_What is needed_
With the pictures left out, write out exactly the lines of the listing below that run from the line with "Pot à fleurs" through the line with "Long-sleeve Wedding Dress, White".

_Material provided_
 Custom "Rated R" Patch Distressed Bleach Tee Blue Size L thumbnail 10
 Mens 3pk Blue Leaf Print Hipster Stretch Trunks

...

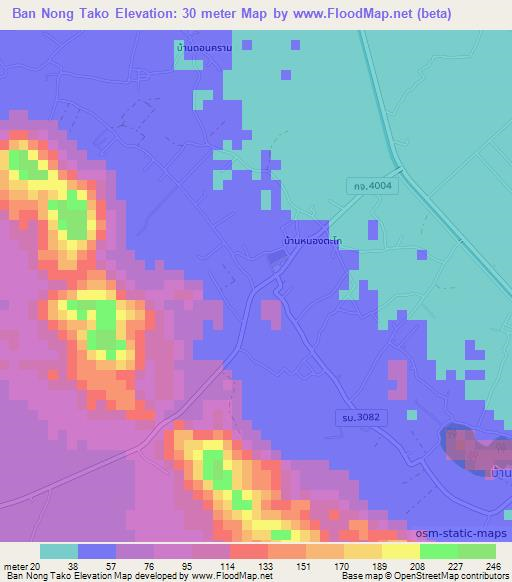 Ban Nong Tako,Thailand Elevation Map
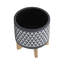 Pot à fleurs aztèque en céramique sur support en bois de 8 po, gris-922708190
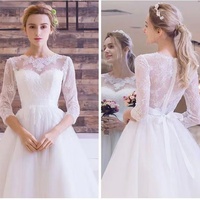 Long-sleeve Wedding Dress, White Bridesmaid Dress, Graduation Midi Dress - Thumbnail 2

_Exercise solution_
 Pot à fleurs aztèque en céramique sur support en bois de 8 po, gris-922708190
 Long-sleeve Wedding Dress, White Bridesmaid Dress, Graduation Midi Dress - Thumbnail 2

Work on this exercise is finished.